Sunday, August 25, 2013

Weekend Food Prep

Prepping meals and healthy eats ahead of time is a huge lifesaver in our household. Between training, work and other activities, there's very little free time (or extra energy) for me to cook during the week. Lunches are especially important, since I tend to get to work very early and the hubby will eat oreos if I send him empty handed! Reality: without healthy choices on hand, we both tend to default to a bread and PB or bread and eggs diet (not completely a bad thing some days... just not everyday).

While I still do some prep during the week, having a head start on the leg work certainly helps provide a little extra momentum to get going after a busy day. One of the main things I focus on is taking evaluation of what's already in the fridge and needs to be used. I try to base our meals around veggies, so I start the process by turning on some music, spending time chopping up all unused produce in the fridge (can't stand food waste!!), and making a plan from there.

Benefits of Weekend Meal Prep:

Health-saver: Grab and go healthy foods, meals throughout the week.

Sanity-saver: Less brainpower needed after a hard day's work!! Also: Less dishes to clean throughout the week (meaning theoretically the kitchen stays cleaner...)

Time-saver: Multi-task by preparing multiple dishes at once. Save even more time by preparing double batches for the freezer!!

Energy-saver: Again, you can cook multiple recipes in the oven at once.

Money-saver: Save $$ by eating out less, less reliance on convenience foods.

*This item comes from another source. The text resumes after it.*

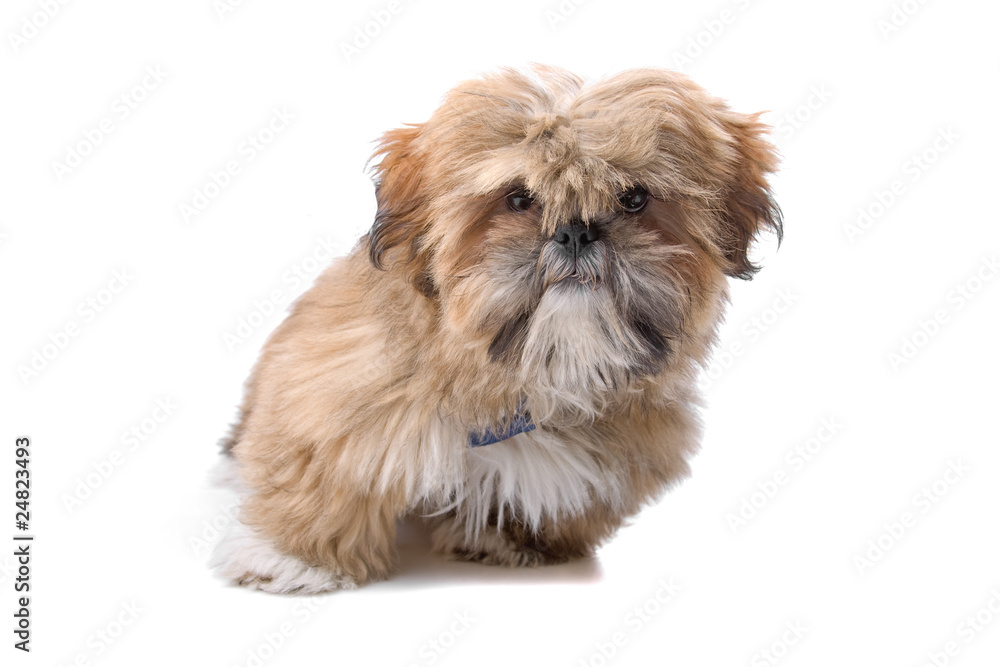 maltese puppy isolated on a white background maltese puppy isolated on a white background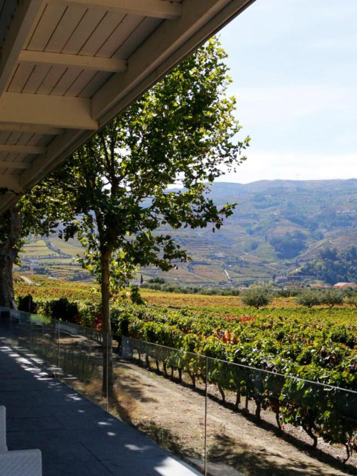 Douro dalen_Quinta da pacheca_02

Here's a snapshot of what I made last weekend:

Round 1

Clockwise: Fresh cut veggies for stir fry or curry and leftover broccoli stems (I ate with hummus), marinated tempeh for tacos (recipe soon!), stir fry with veggie "beef" tenderloins for grab-and-go meals, quinoa and baked sweet potatoes for lunches.

Round 2

Clockwise: Fresh baked bread for sandwiches, homemade almond butter, fresh cut watermelon and pineapple (went towards husband's training weekend), a few green smoothies (my daily mid-morning snack) and fruit cups (mid-afternoon snack), not pictured: chickpea-avocado salad (for sandwiches!)

What you will need:

  1. A Plan-decide what foods need to be used up and pick out your recipes. Make a menu.
  2. Groceries- Again, I try to use what's on hand first and then make a trip to the grocery store for extras
  3. Containers- to store the finished product!!
  4. Labels- not a bad idea to label things in case you forget (or for others who may not know what you prepared). Dating items is important too, especially if you plan to put any of the meals in the freezer.
  5. A dishwasher- for the impending mess you make (cue the hubby)

It can be overwhelming at first so start small! Prioritize and pick out a few key items each week and build from there. It doesn't happen every weekend for us, especially when we travel, but it's definitely a habit I'm glad I've developed more over the years.